What you should do »
Give back every record exactly.

Source material »
::::::::::
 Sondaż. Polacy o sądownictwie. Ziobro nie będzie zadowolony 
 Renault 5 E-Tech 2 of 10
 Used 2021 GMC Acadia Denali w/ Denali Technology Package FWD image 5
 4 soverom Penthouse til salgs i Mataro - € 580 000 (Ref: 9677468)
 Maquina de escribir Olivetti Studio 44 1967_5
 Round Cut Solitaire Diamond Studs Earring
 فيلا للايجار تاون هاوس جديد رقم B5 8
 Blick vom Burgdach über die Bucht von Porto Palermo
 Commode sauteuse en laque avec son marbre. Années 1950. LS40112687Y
::::::::::
Solved exercise »
 Sondaż. Polacy o sądownictwie. Ziobro nie będzie zadowolony 
 Renault 5 E-Tech 2 of 10
 Used 2021 GMC Acadia Denali w/ Denali Technology Package FWD image 5
 4 soverom Penthouse til salgs i Mataro - € 580 000 (Ref: 9677468)
 Maquina de escribir Olivetti Studio 44 1967_5
 Round Cut Solitaire Diamond Studs Earring
 فيلا للايجار تاون هاوس جديد رقم B5 8
 Blick vom Burgdach über die Bucht von Porto Palermo
 Commode sauteuse en laque avec son marbre. Années 1950. LS40112687Y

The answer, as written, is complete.